The problem with CSS pre-processors | Miller Medeiros:

I’ve been considering to use a CSS pre-processor like SASS, LESS, Stylus, etc, for a very long time. Every time someone asked me if I was using any of these tools/languages I would say that I’m kinda used to my current workflow and I don’t really see a reason for changing it since the problems those languages solves are not really the problems I’m having with CSS. Then yesterday I read two blog posts which made me reconsider my point of view so I decided to spend some time today studying the alternatives (once again) and porting some code to check the output and if the languages would really help to keep my code more organized/maintainable and/or if it would make the development process easier (also if they evolved on the past few years).

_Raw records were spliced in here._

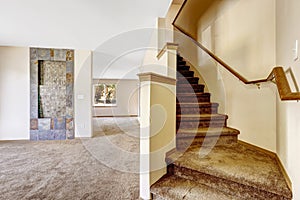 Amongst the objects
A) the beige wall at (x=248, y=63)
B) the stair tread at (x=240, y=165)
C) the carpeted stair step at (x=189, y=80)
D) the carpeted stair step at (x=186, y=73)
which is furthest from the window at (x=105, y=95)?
the stair tread at (x=240, y=165)

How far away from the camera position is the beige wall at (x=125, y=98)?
11.2 m

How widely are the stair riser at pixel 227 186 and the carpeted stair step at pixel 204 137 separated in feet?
1.59

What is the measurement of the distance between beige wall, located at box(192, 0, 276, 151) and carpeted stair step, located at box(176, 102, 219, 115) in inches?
6.3

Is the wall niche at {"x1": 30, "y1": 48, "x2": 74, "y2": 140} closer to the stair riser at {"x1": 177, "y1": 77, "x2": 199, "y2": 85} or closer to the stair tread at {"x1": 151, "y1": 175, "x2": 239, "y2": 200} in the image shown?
the stair riser at {"x1": 177, "y1": 77, "x2": 199, "y2": 85}

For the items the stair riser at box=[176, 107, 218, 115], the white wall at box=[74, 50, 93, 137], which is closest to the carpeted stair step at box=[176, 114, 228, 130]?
the stair riser at box=[176, 107, 218, 115]

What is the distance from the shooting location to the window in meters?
11.2

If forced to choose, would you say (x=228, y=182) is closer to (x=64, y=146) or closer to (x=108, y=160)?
(x=108, y=160)

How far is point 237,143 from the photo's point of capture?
264 cm

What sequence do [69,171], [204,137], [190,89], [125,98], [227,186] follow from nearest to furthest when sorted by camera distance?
1. [227,186]
2. [204,137]
3. [69,171]
4. [190,89]
5. [125,98]

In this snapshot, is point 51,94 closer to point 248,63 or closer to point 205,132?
point 205,132

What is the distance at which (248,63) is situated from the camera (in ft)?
8.47

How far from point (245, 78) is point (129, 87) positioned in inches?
359

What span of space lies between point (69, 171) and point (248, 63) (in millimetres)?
2810

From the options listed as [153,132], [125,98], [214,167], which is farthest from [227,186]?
[125,98] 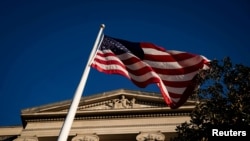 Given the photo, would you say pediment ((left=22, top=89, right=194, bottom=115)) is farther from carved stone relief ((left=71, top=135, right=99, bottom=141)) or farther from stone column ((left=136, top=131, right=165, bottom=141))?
stone column ((left=136, top=131, right=165, bottom=141))

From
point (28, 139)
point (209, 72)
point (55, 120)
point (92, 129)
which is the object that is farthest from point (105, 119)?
point (209, 72)

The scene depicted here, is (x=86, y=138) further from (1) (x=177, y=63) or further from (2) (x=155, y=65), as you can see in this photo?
(1) (x=177, y=63)

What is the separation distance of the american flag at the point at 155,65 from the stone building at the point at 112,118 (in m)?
15.8

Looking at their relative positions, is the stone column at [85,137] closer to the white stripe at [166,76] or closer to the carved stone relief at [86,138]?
the carved stone relief at [86,138]

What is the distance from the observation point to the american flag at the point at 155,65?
34.7 feet

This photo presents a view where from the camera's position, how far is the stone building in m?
27.4

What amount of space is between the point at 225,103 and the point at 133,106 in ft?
57.9

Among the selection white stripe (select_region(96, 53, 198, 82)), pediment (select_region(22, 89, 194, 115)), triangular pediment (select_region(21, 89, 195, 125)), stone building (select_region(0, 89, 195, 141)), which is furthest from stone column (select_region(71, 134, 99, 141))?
white stripe (select_region(96, 53, 198, 82))

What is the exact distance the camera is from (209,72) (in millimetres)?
12258

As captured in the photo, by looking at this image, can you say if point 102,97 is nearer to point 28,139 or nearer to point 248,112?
point 28,139

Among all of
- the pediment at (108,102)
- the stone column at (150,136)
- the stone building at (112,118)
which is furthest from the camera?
the pediment at (108,102)

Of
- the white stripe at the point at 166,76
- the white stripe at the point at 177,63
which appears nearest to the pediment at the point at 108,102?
the white stripe at the point at 177,63

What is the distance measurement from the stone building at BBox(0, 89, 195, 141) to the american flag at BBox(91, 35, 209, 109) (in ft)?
51.9

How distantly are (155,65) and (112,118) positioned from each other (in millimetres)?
18239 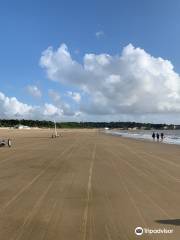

[This is one of those issues that pushes a to of buttons and I appreciate that MM went out of the way to try and not start a meaningless flamewar. That said, the piece caught my eye when he got to the postscript “PS: I love CSS, for me it’s one of the most rewarding tasks on a website development, it’s like solving a hard puzzle…”. I agree. It’s like solving a hard puzzle… and one that provides no business value. It feels like there’s a store room where I keep stuff I need to get all the time, but instead of a door, I pile stones in front of the opening. Each time I have to get something I have to unpile the heavy stones, get what I need, and then re-pile the stones. Over and over and over again. That’s not good is it? Anyone would suggest a door or moving the stuff somewhere that didn’t require all of that unnecessary effort. That’s what working with CSS feels like. Considering how similar the web looks overall, it seems silly that we hand generate so much CSS. And the tools being debated are more about making CSS more programmable because that’s the way developers think. But if you step back that’s not what we need and that’s what these preprocessors do. We need to get all this stuff back into the hands of the designers where they can do as they please. The point of collaboration would only exist when crafting something uncommon or unique.]